Nie jestem profesjonalista (i wszystko to tylko moje prywatne zdanie, nie biore odpowiedzialnosci za powstale szkody ), ale wg mnie jest OK. "Pigula" sporo wieksza, wiec doladowanie mocno spadlo (0,75 wobec zadanego 0,94) - na pewno samochod jest odczuwalnie duzo slabszy, ale dzieki temu przynajmniej go nie zepsujesz. Gora jest troche wiecej doladowania, bo przeplywy wieksze, a Twoje ecu caly czas probuje dobic do zadanego (caly czas masz wysokie duty cycle).

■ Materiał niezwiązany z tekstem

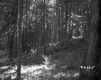 Slope in Forest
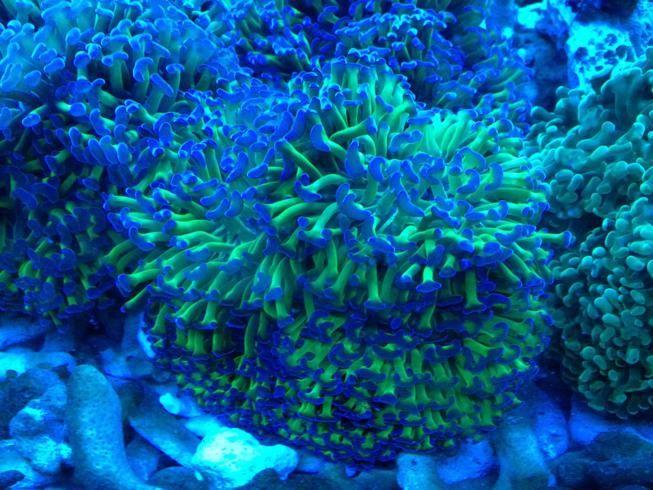 live coral (for sale)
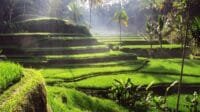 Tegallalang Rice Terrace Ubud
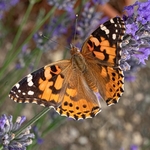 Painted lady (Vanessa cardui) 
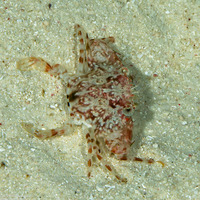 Trionectes spiniferus (Thorny Swimming Crab)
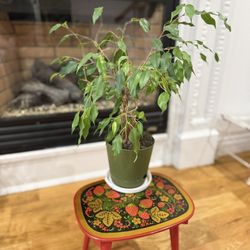 Ficus Benjamina, commonly known as a Weeping Fig. It has been shown to effectively remove indoor air pollutants. * It is a popular evergreen houseplan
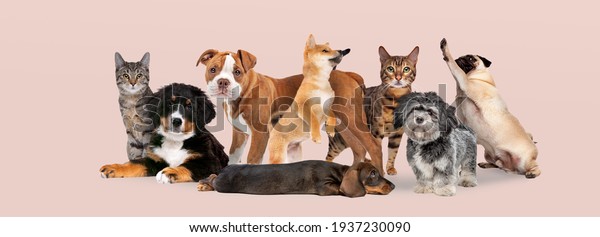 group of eight cats and dogs isolated on a pink pastel background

Dlugoterminowe korekty lambda na niewielkim minusie, co tez wydaje sie OK - przez nizsze niz spodziewane doladowanie jest lekko podlany.
Ja bym nie szukal teraz problemow. Dopiero jak podczas strojenia cos by wyszlo. Ew. jesli ciagle masz obawy, to zmien DP na serie (i restryktor) - dowiesz sie czy dziala jak wczesniej.

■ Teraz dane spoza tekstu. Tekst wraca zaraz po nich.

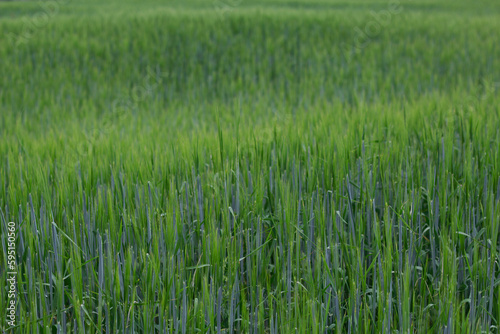 green wheat field as a textured nature background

Jak chcesz sie jeszcze pobawic, to mozesz poszukac restryktora o srednicy 1.3-1.4mm i zobaczyc jak to wplynie na zachowanie doladowania (gdzies czytalem, ze przy takich zabawach ktos zakladal zaworek iglicowy z pokretlem zamiast restryktora, zeby moc sobie to plynnie regulowac). Ale i tak najlepsza opcja bedzie zrobienie mapy.
W razie nastepnego logowania dodaj jeszcze parametr CL/OL Fueling.
A w ogole to przy takich zminach dobrym pomyslem jest reset ecu, zeby od poczatku uczyl sie na nowych warunkach.